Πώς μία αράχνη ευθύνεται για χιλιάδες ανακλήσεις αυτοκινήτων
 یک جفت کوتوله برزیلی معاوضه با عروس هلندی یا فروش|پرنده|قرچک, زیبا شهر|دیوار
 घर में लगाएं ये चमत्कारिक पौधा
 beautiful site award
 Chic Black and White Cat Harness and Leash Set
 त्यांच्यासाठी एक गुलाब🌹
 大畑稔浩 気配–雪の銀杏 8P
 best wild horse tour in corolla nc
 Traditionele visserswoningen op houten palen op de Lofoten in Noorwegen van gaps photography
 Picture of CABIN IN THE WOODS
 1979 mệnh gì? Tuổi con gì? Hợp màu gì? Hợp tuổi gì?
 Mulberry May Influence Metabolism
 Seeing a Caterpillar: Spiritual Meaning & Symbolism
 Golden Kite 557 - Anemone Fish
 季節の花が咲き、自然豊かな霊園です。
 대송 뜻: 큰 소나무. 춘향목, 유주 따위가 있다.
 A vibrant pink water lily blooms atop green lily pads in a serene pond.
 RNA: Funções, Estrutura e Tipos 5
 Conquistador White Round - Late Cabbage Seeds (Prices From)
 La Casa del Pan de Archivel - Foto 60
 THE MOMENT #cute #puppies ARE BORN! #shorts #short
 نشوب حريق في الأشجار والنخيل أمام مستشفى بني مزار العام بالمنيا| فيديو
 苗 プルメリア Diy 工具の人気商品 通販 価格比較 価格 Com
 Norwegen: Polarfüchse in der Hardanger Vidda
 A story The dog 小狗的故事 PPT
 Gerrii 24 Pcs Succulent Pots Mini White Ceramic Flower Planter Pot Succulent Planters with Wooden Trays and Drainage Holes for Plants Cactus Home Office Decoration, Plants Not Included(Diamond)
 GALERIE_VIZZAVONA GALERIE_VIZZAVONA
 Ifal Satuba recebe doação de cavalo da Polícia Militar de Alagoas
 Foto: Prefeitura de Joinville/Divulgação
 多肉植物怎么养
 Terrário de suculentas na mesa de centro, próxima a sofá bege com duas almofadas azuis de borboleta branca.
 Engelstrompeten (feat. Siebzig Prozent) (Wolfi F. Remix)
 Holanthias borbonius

*Task instructions*:
After locating the line with "大畑稔浩 気配–雪の銀杏 8P" above, return that line and every later line through the one with "Golden Kite 557 - Anemone Fish", word for word and with nothing else.

*Finished exercise*:
 大畑稔浩 気配–雪の銀杏 8P
 best wild horse tour in corolla nc
 Traditionele visserswoningen op houten palen op de Lofoten in Noorwegen van gaps photography
 Picture of CABIN IN THE WOODS
 1979 mệnh gì? Tuổi con gì? Hợp màu gì? Hợp tuổi gì?
 Mulberry May Influence Metabolism
 Seeing a Caterpillar: Spiritual Meaning & Symbolism
 Golden Kite 557 - Anemone Fish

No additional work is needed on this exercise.